The Lodge’s commitment to tolerance and the brotherhood of all men has produced hostile reactions among many elements interested in keeping people divided and at odds with one another. For this reason, there are times when the Lodge has existed more or less underground. In most times, however, the Lodge operates openly, only keeping certain things private—means of identifying other Masons and details of certain rituals, for example.

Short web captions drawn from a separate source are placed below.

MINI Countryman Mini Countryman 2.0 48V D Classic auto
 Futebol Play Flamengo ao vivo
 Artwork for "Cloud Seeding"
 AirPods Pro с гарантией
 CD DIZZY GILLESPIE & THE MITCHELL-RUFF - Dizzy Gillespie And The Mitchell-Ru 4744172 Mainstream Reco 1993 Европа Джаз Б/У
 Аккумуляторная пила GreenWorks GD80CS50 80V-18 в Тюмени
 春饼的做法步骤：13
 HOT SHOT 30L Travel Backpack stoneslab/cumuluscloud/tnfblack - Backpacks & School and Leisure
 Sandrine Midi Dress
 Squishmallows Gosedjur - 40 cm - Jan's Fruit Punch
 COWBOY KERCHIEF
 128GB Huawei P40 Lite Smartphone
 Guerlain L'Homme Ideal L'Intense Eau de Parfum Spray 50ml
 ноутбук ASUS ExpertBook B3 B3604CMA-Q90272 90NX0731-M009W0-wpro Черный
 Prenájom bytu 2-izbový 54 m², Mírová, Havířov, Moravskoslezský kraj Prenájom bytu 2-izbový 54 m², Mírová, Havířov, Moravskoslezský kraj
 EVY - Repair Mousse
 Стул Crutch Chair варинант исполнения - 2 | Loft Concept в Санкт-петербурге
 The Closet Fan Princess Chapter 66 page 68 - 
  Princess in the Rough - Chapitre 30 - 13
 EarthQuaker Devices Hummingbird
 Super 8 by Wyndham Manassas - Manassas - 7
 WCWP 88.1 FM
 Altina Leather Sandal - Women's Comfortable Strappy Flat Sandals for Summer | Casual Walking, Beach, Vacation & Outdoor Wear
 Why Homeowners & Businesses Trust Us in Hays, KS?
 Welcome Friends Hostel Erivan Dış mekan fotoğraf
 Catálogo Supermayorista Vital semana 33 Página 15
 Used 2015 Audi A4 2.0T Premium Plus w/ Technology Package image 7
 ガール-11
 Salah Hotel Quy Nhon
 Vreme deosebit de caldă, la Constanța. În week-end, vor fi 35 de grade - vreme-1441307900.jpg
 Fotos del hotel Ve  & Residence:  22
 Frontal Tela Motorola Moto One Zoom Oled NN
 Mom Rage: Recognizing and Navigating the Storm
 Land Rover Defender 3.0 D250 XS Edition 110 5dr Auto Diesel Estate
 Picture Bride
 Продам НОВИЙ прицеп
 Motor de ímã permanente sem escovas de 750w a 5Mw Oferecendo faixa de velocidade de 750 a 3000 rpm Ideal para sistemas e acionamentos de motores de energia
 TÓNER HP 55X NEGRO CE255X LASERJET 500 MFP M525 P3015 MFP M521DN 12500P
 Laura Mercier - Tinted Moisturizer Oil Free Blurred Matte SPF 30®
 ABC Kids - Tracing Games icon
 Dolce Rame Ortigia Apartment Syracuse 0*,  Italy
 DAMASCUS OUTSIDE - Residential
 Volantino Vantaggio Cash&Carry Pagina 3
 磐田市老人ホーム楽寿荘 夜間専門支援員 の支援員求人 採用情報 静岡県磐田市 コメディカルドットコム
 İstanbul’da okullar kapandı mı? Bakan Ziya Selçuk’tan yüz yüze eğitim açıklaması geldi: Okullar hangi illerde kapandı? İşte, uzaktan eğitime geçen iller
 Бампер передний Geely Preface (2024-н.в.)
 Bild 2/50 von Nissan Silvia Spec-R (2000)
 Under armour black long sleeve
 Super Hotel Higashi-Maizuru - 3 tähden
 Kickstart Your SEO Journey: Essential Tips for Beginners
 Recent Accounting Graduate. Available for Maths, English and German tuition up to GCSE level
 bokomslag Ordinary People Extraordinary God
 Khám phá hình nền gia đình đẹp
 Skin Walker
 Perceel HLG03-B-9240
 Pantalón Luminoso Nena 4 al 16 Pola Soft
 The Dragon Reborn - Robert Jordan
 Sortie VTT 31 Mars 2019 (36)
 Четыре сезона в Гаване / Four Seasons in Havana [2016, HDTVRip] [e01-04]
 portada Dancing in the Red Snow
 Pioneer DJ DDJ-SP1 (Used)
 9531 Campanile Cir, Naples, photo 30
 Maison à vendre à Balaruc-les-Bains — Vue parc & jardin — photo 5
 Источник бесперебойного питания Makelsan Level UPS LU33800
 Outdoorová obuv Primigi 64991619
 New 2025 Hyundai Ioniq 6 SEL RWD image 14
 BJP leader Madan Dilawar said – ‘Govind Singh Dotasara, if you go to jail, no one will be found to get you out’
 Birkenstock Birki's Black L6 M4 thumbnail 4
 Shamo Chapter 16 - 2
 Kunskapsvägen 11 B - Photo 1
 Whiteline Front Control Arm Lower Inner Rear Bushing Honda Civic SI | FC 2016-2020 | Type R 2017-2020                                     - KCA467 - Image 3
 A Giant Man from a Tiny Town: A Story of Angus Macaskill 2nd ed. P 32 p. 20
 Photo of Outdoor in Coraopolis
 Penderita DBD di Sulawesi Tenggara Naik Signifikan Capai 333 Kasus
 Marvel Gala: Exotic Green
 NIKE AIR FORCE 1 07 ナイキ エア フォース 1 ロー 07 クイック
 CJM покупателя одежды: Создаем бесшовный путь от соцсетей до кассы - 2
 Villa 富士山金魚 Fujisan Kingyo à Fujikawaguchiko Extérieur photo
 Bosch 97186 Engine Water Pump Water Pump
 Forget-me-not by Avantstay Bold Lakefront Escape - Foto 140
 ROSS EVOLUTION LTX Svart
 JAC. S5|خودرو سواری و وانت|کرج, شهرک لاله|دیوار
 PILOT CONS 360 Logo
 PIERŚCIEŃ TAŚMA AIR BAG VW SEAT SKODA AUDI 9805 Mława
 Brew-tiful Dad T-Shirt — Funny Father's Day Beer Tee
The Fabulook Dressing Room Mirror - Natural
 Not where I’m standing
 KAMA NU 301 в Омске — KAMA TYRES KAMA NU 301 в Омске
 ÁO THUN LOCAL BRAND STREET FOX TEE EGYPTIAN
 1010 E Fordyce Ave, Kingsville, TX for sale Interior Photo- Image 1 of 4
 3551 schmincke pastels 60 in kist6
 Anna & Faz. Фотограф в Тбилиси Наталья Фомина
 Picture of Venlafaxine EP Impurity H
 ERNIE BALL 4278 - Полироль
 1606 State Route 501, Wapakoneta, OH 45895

These secrets have produced great jealousy and suspicion, which has in turn led to confusion about who Masons really are. One common confusion is conflating any group with secrets with the Lodge, or confusing the Lodge—a society with secrets—with various secret societies. Here is a quick look at some other fraternal orders that are often confused with the Lodge.

The Illuminati

The Ancient Illuminated Seers of Bavaria was a secret society founded by the defrocked Jesuit Adam Weishaupt in Ingolstadt, Bavaria in 1776. This was the height of the Enlightenment, a movement to secularize institutions of power and bring about democratic republican political changes to Europe. Because of the threats these ideas posed to the ruling Church and aristocracy, many “freethinkers” had to operate in secret, and the Illuminati (as Weishaupt’s group called themselves) were no different. Almost immediately the group came under suspicion, and was the object of conspiracy theories around the time of the French Revolution.

These conspiracies appear to be overdrawn, and while Weishaupt seems to have adopted certain practices from the Masonic Lodge, the Illuminati were not Masons—most members could probably not profess belief in God. The order seems to have collapsed under internal divisions and official oppression within about 50 years of its founding, though some occult orders claim to be its rightful heirs. Figuring out which of the many competitors to this title is legitimate is a task for someone with the patience of Job.

Skull and Bones

Skull and Bones was founded at Yale University in the 1830s amid a controversy over certain student awards. Each year the organization “taps” 15 distinguished juniors to join the society the next year. The organization is not much different from your typical fraternity, except that it draws its members further along in their college careers and focuses on campus leaders. Also unlike most fraternities, the group is now co-ed, and racially diverse. Because it seeks out the most distinguished young people at one of America’s most distinguished universities, many “Bonesmen” have gone on to positions of public distinction, including President William H. Taft and both Presidents Bush.

While there are undoubtedly some Masons who have also been Bonesmen (President Taft, for example), the organizations have no amity or formal connection. For one thing, S&B now accepts women, and the Lodge does not. Like the Lodge, S&B has been the subject of a number of conspiracy theories, despite the rather public nature of their operations and membership.


There are a number of other charitable, fraternal organizations which are often confused with the Lodge. The Independent Order of Oddfellows has a terrific name and a great reputation for community service, but they are not Masons and one is not required to be a Mason to join. The Elks also require a belief in God and engage in charity, but both the Odd Fellows and Elks are more properly “belevolent societies,” in that they were founded to assist fellow members in need. Both these and the Moose Lodge are largely social organizations, and while many Masons belong to these organizations, they are not Masons nor is Masonic initiation required for membership (as it is in such organizations as the Shriners).